AUTHOR=Xin Cheng , Lai Yi , Ji Liqiang , Wang Ye , Li Shihao , Hao Liqiang , Zhang Wei , Meng Ronggui , Xu Jun , Hong Yonggang , Lou Zheng
TITLE=A novel 9-gene signature for the prediction of postoperative recurrence in stage II/III colorectal cancer
JOURNAL=Frontiers in Genetics
VOLUME=13
YEAR=2023
URL=https://www.frontiersin.org/journals/genetics/articles/10.3389/fgene.2022.1097234
DOI=10.3389/fgene.2022.1097234
ISSN=1664-8021
ABSTRACT=
Background: Individualized recurrence risk prediction in patients with stage II/III colorectal cancer (CRC) is crucial for making postoperative treatment decisions. However, there is still a lack of effective approaches for identifying patients with stage II and III CRC at a high risk of recurrence. In this study, we aimed to establish a credible gene model for improving the risk assessment of patients with stage II/III CRC.
Methods: Recurrence-free survival (RFS)-related genes were screened using Univariate Cox regression analysis in GSE17538, GSE39582, and GSE161158 cohorts. Common prognostic genes were identified by Venn diagram and subsequently subjected to least absolute shrinkage and selection operator (LASSO) regression analysis and multivariate Cox regression analysis for signature construction. Kaplan-Meier (K-M), calibration, and receiver operating characteristic (ROC) curves were used to assess the predictive accuracy and superiority of our risk model. Single-sample gene set enrichment analysis (ssGSEA) was employed to investigate the relationship between the infiltrative abundances of immune cells and risk scores. Genes significantly associated with the risk scores were identified to explore the biological implications of the 9-gene signature.

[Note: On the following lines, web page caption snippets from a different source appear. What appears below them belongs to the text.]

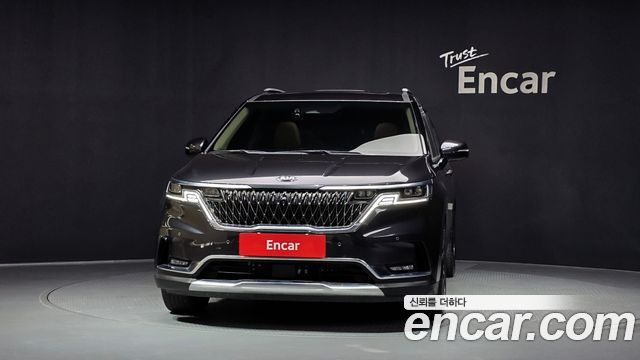 Kia Carnival 4-го поколения 9-Seater Signature - фото 2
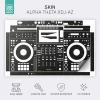 Doto Design Skin XDJ-AZ Night Black - Görsel 2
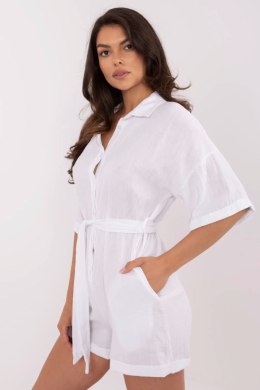Kombinezon Model MI-KO-A2479.73 White - Italy Moda Italy Moda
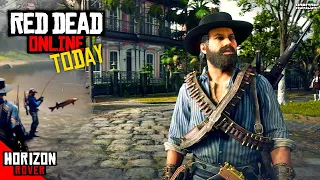 RDR2 Online Daily Challenges 9/4 & Madam Nazar location - RDR2 September 4 2023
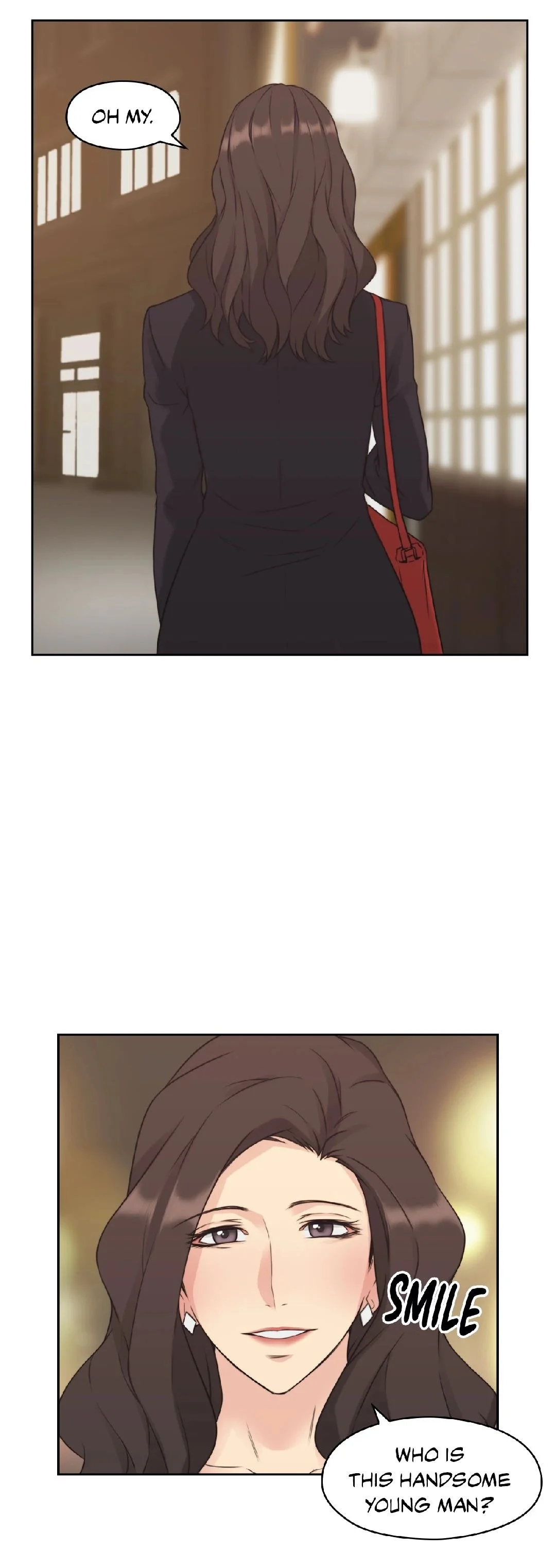 Mistress chapter 1 page 39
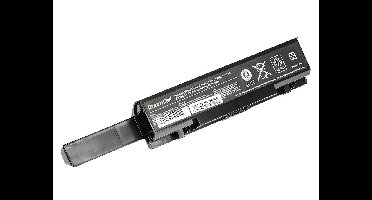 Batterij voor Dell Studio 17 1735 1736 1737 / 11,1V 6600mAh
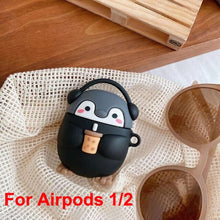 Load image into Gallery viewer, Original Kawaii Animal AirPods Case
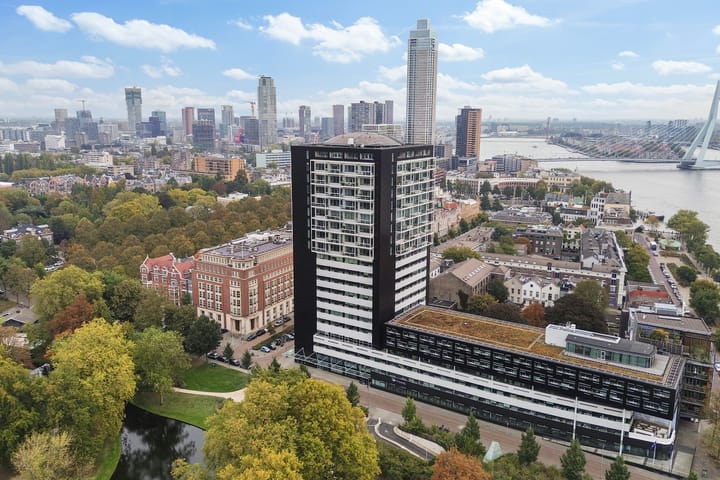 Westerlaan 59 in Rotterdam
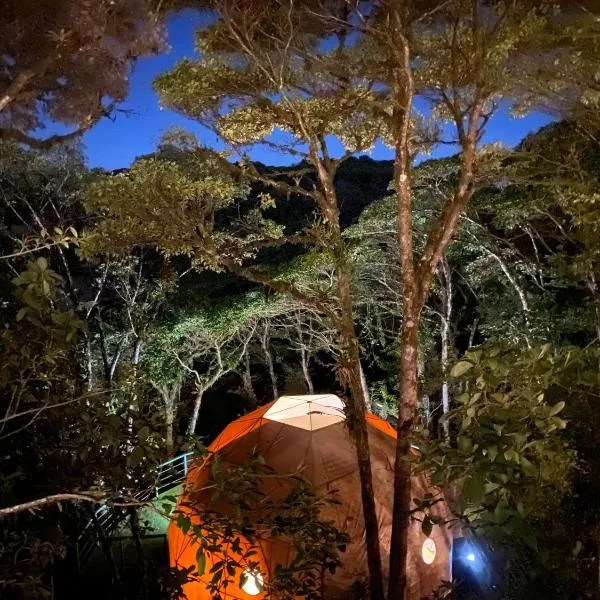 Way To Heaven Glamping, hotel in Monteverde Costa Rica
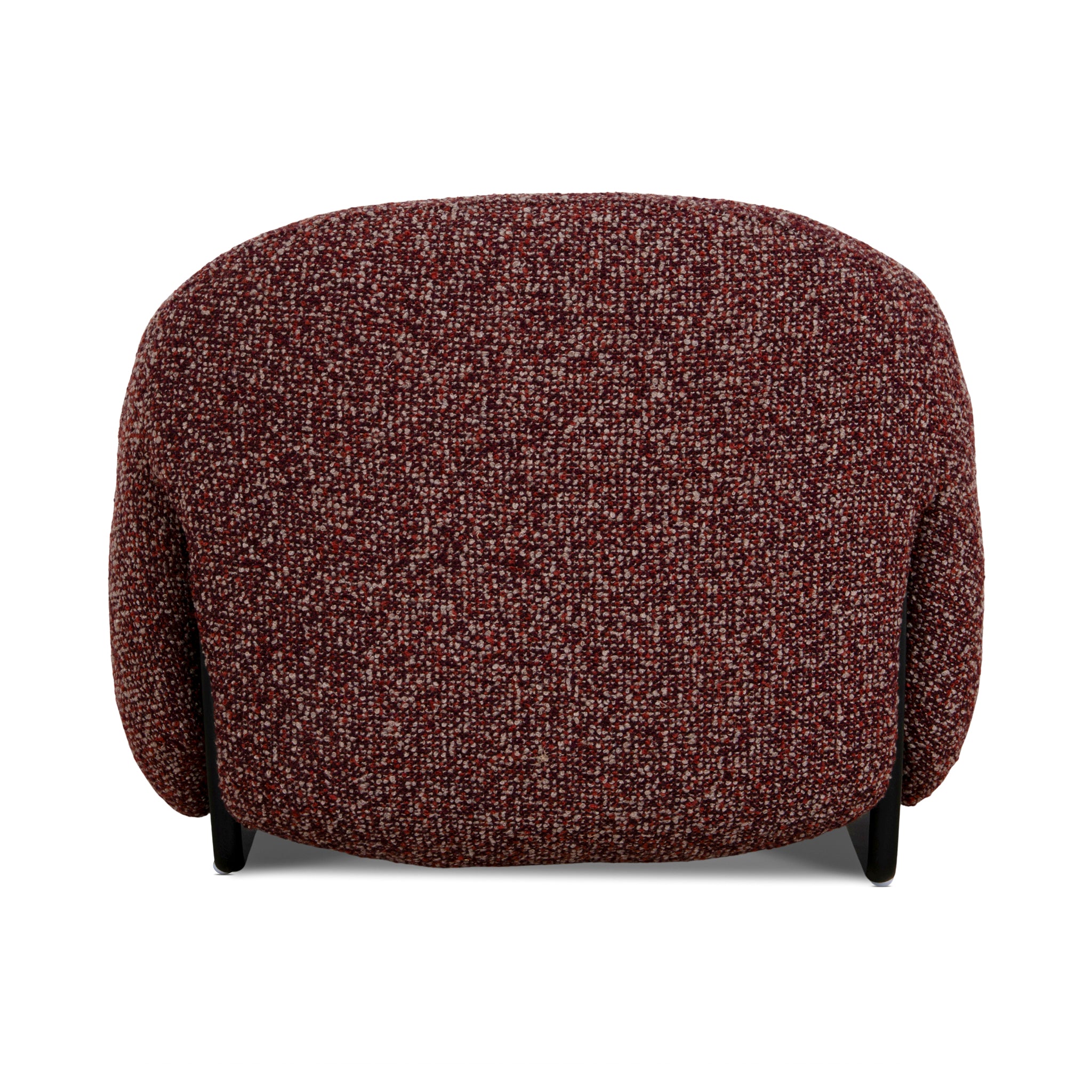 Noira Armchair - Autumn Red Armchair Cino-Core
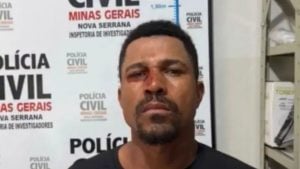 Foragido por homicídio é encontrado morto em cela horas após ser preso em Nova Serrana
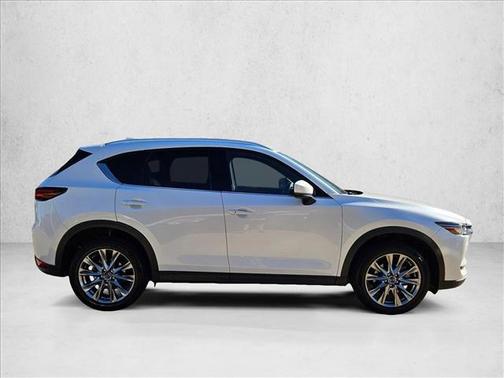 2020 Mazda CX-5 Signature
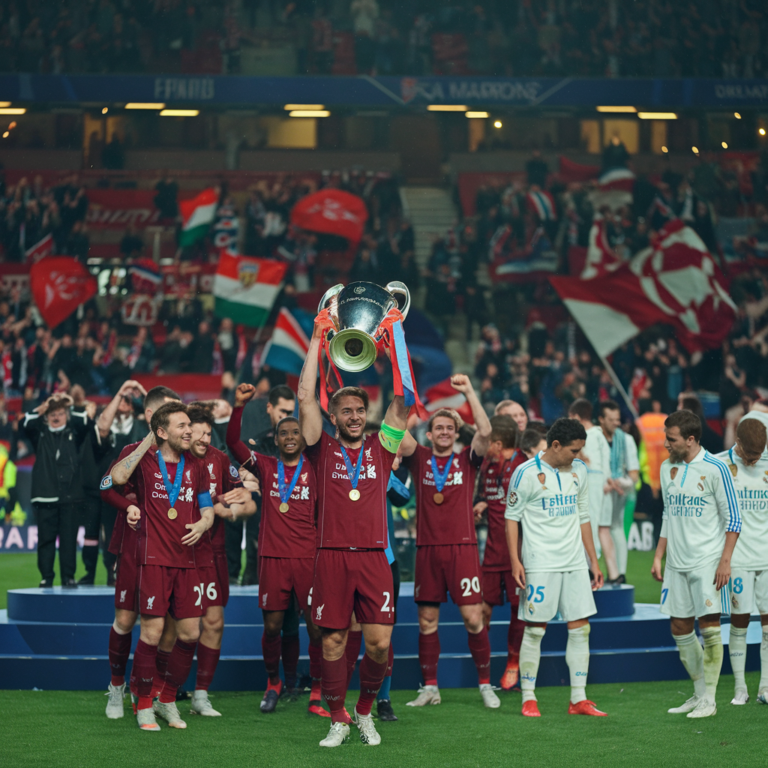 liverpool - real madrid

Results: Survival analysis identified 347 RFS-related genes. Using these genes, a 9-gene signature was constructed, which was composed of MRPL41, FGD3, RBM38, SPINK1, DKK1, GAL3ST4, INHBB, CTB-113P19.1, and FAM214B. K-M curves verified the survival differences between the low- and high-risk groups classified by the 9-gene signature. The area under the curve (AUC) values of this signature were close to or no less than the previously reported prognostic signatures and clinical factors, suggesting that this model could provide improved RFS prediction. The ssGSEA algorithm estimated that eight immune cells, including regulatory T cells, were aberrantly infiltrated in the high-risk group. Furthermore, the signature was associated with multiple oncogenic pathways, including cell adhesion and angiogenesis.
Conclusion: A novel RFS prediction model for patients with stage II/III CRC was constructed using multicohort validation. The proposed signature may help clinicians better manage patients with stage II/III CRC.